Express the polar coordinates $P\left(6, -\dfrac{\pi}{4} \right)$ in Cartesian coordinates.
$\displaystyle x=r\cos{(\theta)} ,\ y=r\sin{(\theta)} \implies x^2+y^2=r^2 \wedge \theta = \tan^{-1}{\left(\frac{y}{x}\right)}$
So, $x=6\cos{\left(-\dfrac{\pi}{4}\right)}=3\sqrt{3}$ and $y=6\sin{\left(-\dfrac{\pi}{4}\right)}=-3\sqrt{3} \implies \textbf{ANSWER: } P(3\sqrt{3}, -3\sqrt{3})$.

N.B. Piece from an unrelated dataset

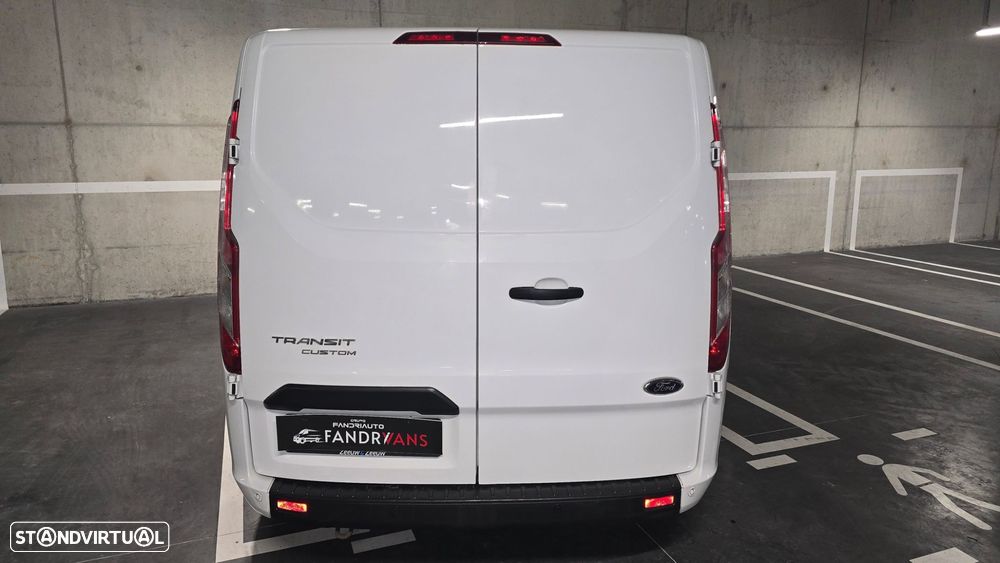 Ford Transit Custom 280L1 2.0 TDCi H1-Tecto Baixo Trend - 8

The answer which is calculated here here contradicts mine. Why?
Furthermore, the answer provided here for the following:
Identify the conic represented by $r=\dfrac{3}{2-\cos{(\theta)}}$.
$\displaystyle r=\dfrac{3}{2-\cos{(\theta)}} \implies r(2-\cos{(\theta)})=3 \implies 2r-r\cos{(\theta)}=3 \implies 2r=3+r\cos{(\theta)} \implies 2\sqrt{x^2+y^2}=3+x \implies 4(x^2+y^2)=(3+x)^2 \implies 4x^2+y^2=9+6x+x^2 \implies 3x^2-6x+y^2=9 \implies 3(x^2-2x)-3+y^2=6 \implies 3(x-1)^2+y^2=6 \implies \textbf{ANSWER: } \frac{(x-1)^2}{\sqrt{2}^2}+\frac{y^2}{\sqrt{6}^2}=1$, an ellipse.
is seemingly contradicted as well. What is my error in these conversions?
For the first, note that $6\cos\left(-\frac{\pi}{4}\right)=6\times \frac{1}{\sqrt 2}=3\color{red}{\sqrt 2}\approx 4.243$. (BadAtMaths has already pointed 'radian-degree' problem. You should get this.)
For the second, note that $4(x^2+y^2)=4x^2+\color{red}{4}y^2$.